AR can also be used to fine-tune maintenance instructions for configurable products, Hill adds. Through a serial number linked to product manufacturing information system housing configuration data, field technicians could access the actual specs and training instructions for the specific product they are working on, he says.
PTC sees applicability for AR across the entire product lifecycle, Campbell says. AR can be leveraged by engineering teams to evaluate their proposed product designs in the context of the physical world or be tapped by marketing and sales teams as a tool to showcase different models of a generator, for example, without having to physically have them all on hand to display in a single showroom, he explains.

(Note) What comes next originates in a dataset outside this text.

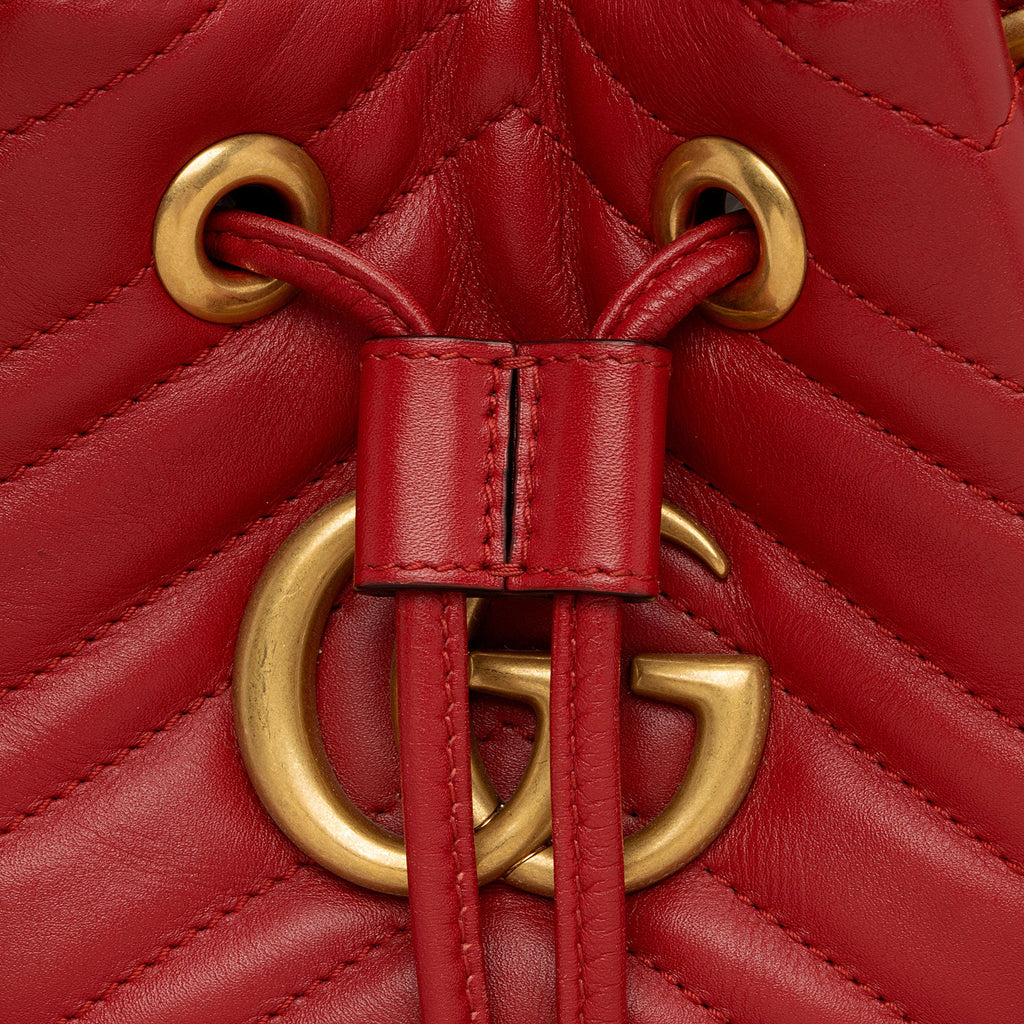 Gucci Matelasse Leather GG Marmont Bucket Bag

AR’s value really begins to shine, Campbell says, when you blend the physical and digital worlds, as in maintenance or factory operations. “On the factory floor, you could be looking at a machine to understand its operating characteristics, inspect equipment being assembled to compare it to the ideal state, or look at a product in operation and understand what is broken and how it needs to be serviced,” he says. “You can use AR to convey slightly more complex procedures than you could understand with paper and schematic drawings.”
Consider work being done by Index AR Solutions, which develops AR applications using PTC’s Vuforia platform, with Newport News Shipbuilding. The team leverages AR technology to visualize a ship’s structure to determine where to run cabling, for example, or remove supports without having to look at paper diagrams. Index AR Solutions is also working with other clients using AR to assist in inspection and quality assurance, work instructions and training.
NGrain—which provides artificial intelligence (AI) software used for damage assessment on heavy machinery—helped orchestrate a pilot project with Lockheed Martin several years back, to leverage AR technology to aid in the manufacture and service of the F-35 fighter jet. Armed with NGrain’s software and Epson Moverio AR smart glasses, engineers and operators received step-by-step instructions for setting brake elements on landing gear, for example, and as a replacement for pen-and-paper notation for performing common repairs, explains Barry Po, NGrain’s senior director, product and business development.
AR can help train people on the job without taking time out for training, while also providing guidance to ensure a job gets done correctly, Po says. “Sometimes someone isn’t always an expert in the equipment that they are asked to service, or it’s a rare piece of equipment or an unusual job for that customer,” he says. “AR can give them access to information they haven’t always had access to.”
Though Po considers the early Lockheed Martin F-35 pilot experience a success, he says it also revealed some challenges to more widespread usage of AR. From a practical standpoint, existing AR hardware, though evolving, in many cases is still not durable enough to withstand serious stress and day-to-day usage in harsh industrial environments, he says. In addition, limited access to Wi-Fi or other wireless networks can be a barrier in these scenarios, as is coming up with solutions for distilling and presenting relevant data to shop floor operators or field service technicians.
“The hard problem isn’t collecting data, it’s getting it organized and structured in a way that filters out the most relevant information and presents it to the person on the front lines in a pair of smart glasses,” Po explains.
Service will be the killer app for AR and IoT, agrees Joe Barkai, an industry consultant specializing in IIoT. But the initial round of pilots and demonstrations are too limited in terms of the content they deliver to maintenance technicians or plant floor operators, he says, noting that AR animations that depict how to turn a screw or change a filter aren’t really helpful. “AR needs to give them information that they are not already aware of or don’t know enough about—potentially information that is very device-specific or that warns of a change that tech may not be aware of,” he explains.
Regardless of the obstacles, experts fully expect companies will move forward on the AR journey and the kinks will be worked out. “We are at an inflection point where there’s now a lot of talk and hope for the technology,” CN2’s Hill says. “It’s just a matter of time before AR will be a reality.”